On top of his own hits like “Put Your Head On My Shoulder,” “Puppy Love,” and more, Anka is the songwriter behind beloved songs for Buddy Holly, Frank Sinatra, Tom Jones, Michael Jackson, and Drake, among others—all while continuing to tour and record.
In fact, the classic star with a million stories is not done yet. His latest studio album, Inspirations of Life and Love, arrived February 13 (in time for Valentine’s Day). And in a new documentary currently airing on HBO, Paul Anka: His Way, he brings his stories together for the first time.
“It’s easy to look back,” Anka says. “But being relevant artistically is gratifying, frankly. You don’t really see that coming. None of us saw it coming back in the ‘50s when pop music was in its infancy.

“The reality is I’m in my 80s now and even though I don’t live by numbers, to be involved with [the film] for its accuracy, it’s the time,” he adds. “Everything in life for all of us with our lifestyle, it’s all timing.

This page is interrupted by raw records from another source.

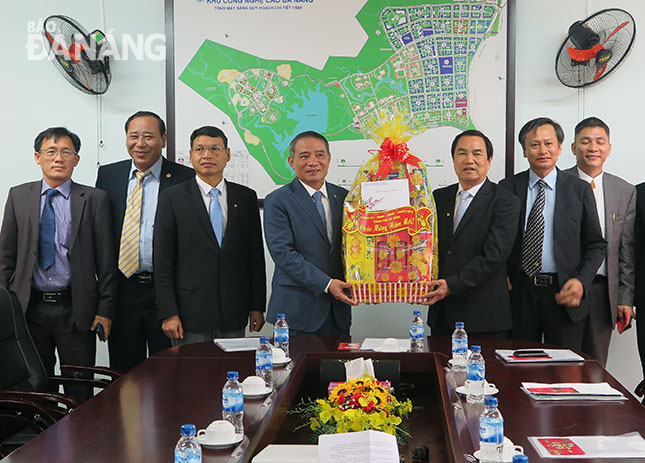 Bí thư Thành ủy Trương Quang Nghĩa (thứ tư, trái sang) tặng quà Ban Quản lý Khu Công nghệ cao Đà Nẵng. Ảnh: S.Trung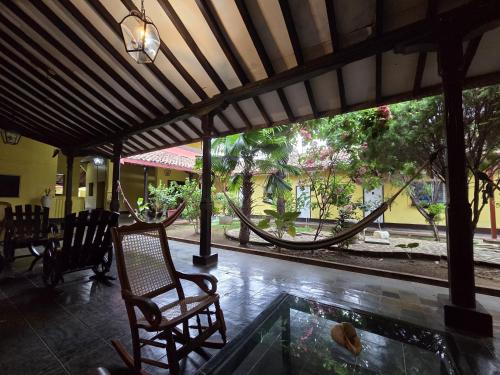 Jardín al aire libre en Hostal Lazybones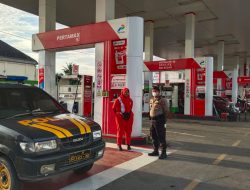 MONITORING KE SPBU DI WILAYAHNYA UNIT PATROLI POLSEK BINJAI BARAT ANTISIPASI ANTRIAN DAN KELANGGKAAN BBM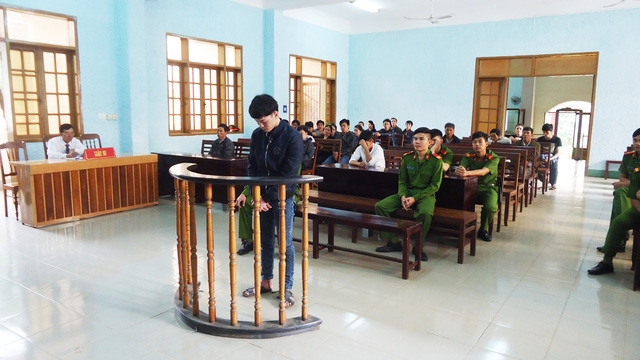 Duy trước vành móng ngựa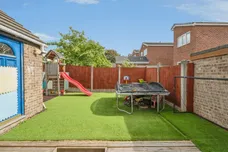 Uttoxeter Avenue, Mexborough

Being who I am today and looking at my body of work, and all the team efforts and people I’ve written for, it’s cool.”
Born in Ottawa, Canada, the now 84-year-old has over 900 songs to his credit, with over 130 albums recorded, and 90 million sales (both LP and single formats). Anka started out performing in school and church, then borrowing his mother’s car to sing at amateur nights around his hometown. He had to leave his job as a budding reporter for the Ottawa Citizen to start his career, and paired those writing skills with a butter-smooth, forever-young vocal to grow into the epitome of a classic pop star. A suave heartthrob in the age of pompadours and poodle dresses.
The His Way documentary is a trip down memory lane, but also argues for Anka’s future—one with plenty of open road ahead. Narrated by actor Jason Bateman (Anka’s son-in-law), it’s the definitive story of Anka’s life, and it begins with a 15-year-old meeting producer Don Costa in New York City, where he signed his first $100/month deal. Anka says his writing is what sets him apart, and the youngster scored his first No. 1 with the syrupy “Diana” in 1957.
“That whole songwriting thing for me started out with me having a crush on this girl, and no one was going to write for me,” he explains. “No one would even listen to me because back then it was guys twice my age making it—Sinatra, Perry Como. I was listening to Rhythm & Blues. I just wrote for myself, and from there it just kind of took off.”
A certified breakout star, Anka followed up with tracks like the squeaky clean “Puppy Love” in 1960, while building friendships with contemporaries like Bobby Darin and Frankie Avalon. But behind the scenes, things were grittier. His Way details the heady days of working in nightclubs with mob connections and running around as a “junior member” of the Rat Pack alongside Sinatra, Dean Martin, and Sammy Davis, Jr.
It was not all gold records and sharp suits. Anka tells American Songwriter he helped arrange the fateful tour for his friend Buddy Holly, which resulted in his tragic death in a plane crash. And he fell off the charts completely with the market shock of the British Invasion in the early 1960s.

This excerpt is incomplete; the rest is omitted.